I have an array with N rows and M columns.
I would like to run through all the columns, finding the index of the row in which contains the max value of the column. However, each row should be selected only once.
For instance, let's consider a matrix
1 1
2 2
The output should be [1, 0]
. Because the row 1 (value of 2) is the max value of column 0, then we move to column 2, the row 1 is out of consideration, so the row 0 will be the highest cell.

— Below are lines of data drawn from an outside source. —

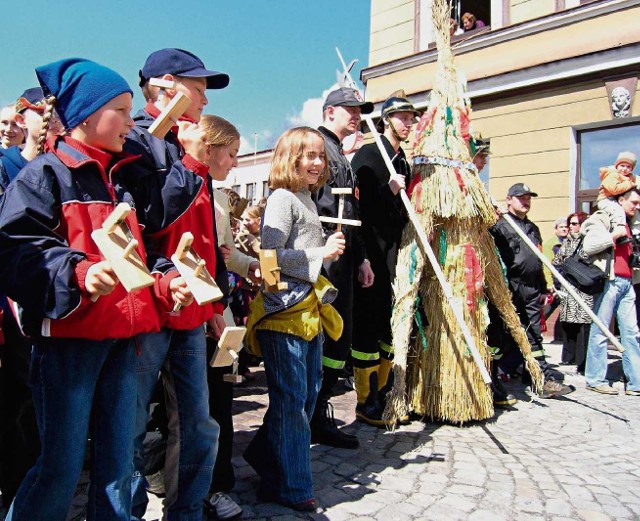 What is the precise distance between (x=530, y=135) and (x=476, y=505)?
7.64 meters

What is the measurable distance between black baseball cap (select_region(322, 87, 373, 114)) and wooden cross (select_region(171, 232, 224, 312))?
7.44 feet

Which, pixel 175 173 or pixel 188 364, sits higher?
pixel 175 173

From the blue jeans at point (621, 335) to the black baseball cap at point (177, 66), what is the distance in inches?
175

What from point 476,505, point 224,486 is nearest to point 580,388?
point 476,505

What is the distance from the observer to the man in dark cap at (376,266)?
4012 mm

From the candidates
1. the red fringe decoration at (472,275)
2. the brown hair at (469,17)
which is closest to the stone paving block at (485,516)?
the red fringe decoration at (472,275)

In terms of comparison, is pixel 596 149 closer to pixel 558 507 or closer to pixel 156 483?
pixel 558 507

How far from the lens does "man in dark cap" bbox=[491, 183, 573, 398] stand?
5.10m

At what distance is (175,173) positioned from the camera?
205 centimetres

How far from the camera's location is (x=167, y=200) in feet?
6.61

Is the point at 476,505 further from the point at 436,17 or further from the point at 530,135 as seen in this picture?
the point at 530,135

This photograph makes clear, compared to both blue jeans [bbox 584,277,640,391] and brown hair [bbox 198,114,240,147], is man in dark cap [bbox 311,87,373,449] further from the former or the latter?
blue jeans [bbox 584,277,640,391]

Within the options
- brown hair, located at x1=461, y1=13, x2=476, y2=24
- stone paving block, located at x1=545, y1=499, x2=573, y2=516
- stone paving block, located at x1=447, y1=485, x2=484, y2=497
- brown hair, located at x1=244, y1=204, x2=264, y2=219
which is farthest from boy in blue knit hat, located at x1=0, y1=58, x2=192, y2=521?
brown hair, located at x1=461, y1=13, x2=476, y2=24

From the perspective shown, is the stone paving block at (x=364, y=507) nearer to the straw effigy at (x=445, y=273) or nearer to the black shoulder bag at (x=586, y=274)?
the straw effigy at (x=445, y=273) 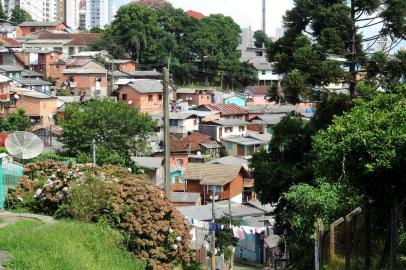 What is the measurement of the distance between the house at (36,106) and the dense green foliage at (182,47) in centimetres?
2418

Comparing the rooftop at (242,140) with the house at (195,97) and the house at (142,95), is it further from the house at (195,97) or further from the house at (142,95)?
the house at (195,97)

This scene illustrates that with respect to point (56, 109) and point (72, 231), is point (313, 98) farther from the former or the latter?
point (56, 109)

Indeed, things can be solved easily with for a nested for loop, and something like:
removed_rows = []
for i in range (nb_columns):
index_max = 0
value_max = A[0,i]
for j in range (nb_rows):
if j in removed_rows:
continue
else:
if value_max < A[j,i]:
index_max = j
value_max = A[j,i]
removed_rows.append (index_max)
However, it seems slow for a huge matrix. Is there any method we can do it faster (with numpy?)?
Many thanks
CodePudding user response:
This might not be very fast as it still loop through the columns, which I think is unavoidable due to the constrain, but should be faster than your solution as it finds the maximum's index with argmax
:
out = []
mm = A.min() - 1
for j in range(A.shape[1]):
idx = np.argmax(A[:,j])
# replace the entire row with mm
# so next `argmax` will ignore this row
A[idx] = mm
out.append(idx)
The above takes about 640 us on 100 x 100 arrays, and 18ms on 1k x 1k arrays. Your code refuses to run on 1k x 1k array within reasonable time on my system.